**WHAT TO WORK ON**
How many lines in the entries below include the word "Hoodie"? Respond with the number only.

* * * * * * *

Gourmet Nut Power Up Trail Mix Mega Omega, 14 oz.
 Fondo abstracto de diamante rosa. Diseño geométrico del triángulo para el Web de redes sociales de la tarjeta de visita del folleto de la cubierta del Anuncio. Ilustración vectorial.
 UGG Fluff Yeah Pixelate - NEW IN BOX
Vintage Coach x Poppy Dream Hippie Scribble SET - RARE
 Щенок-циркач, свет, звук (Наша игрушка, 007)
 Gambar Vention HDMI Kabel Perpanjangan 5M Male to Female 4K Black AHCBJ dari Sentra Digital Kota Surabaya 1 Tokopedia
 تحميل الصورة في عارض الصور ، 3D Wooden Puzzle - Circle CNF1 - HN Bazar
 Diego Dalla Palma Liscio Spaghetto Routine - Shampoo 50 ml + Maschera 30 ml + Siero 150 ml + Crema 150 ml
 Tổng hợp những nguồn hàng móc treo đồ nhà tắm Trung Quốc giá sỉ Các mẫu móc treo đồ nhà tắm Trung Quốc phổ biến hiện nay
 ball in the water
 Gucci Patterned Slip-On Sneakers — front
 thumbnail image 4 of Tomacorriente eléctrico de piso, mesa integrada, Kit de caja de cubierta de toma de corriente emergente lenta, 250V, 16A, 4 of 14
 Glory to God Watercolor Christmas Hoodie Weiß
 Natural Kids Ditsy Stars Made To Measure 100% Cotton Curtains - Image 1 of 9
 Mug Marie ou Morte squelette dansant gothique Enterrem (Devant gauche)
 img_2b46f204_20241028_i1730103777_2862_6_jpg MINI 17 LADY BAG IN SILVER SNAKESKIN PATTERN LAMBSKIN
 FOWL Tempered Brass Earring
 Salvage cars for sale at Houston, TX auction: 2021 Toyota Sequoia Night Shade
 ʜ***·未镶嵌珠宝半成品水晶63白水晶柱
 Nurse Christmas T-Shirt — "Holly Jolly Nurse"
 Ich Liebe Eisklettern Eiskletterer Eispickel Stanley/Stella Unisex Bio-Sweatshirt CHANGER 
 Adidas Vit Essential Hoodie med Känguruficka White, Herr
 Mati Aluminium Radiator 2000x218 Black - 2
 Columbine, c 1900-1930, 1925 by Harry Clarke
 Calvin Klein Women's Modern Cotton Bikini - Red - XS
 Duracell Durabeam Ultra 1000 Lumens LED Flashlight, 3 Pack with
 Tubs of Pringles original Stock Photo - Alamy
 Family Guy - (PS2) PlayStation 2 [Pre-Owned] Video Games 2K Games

* * * * * * *

**EXPECTED ANSWER**
2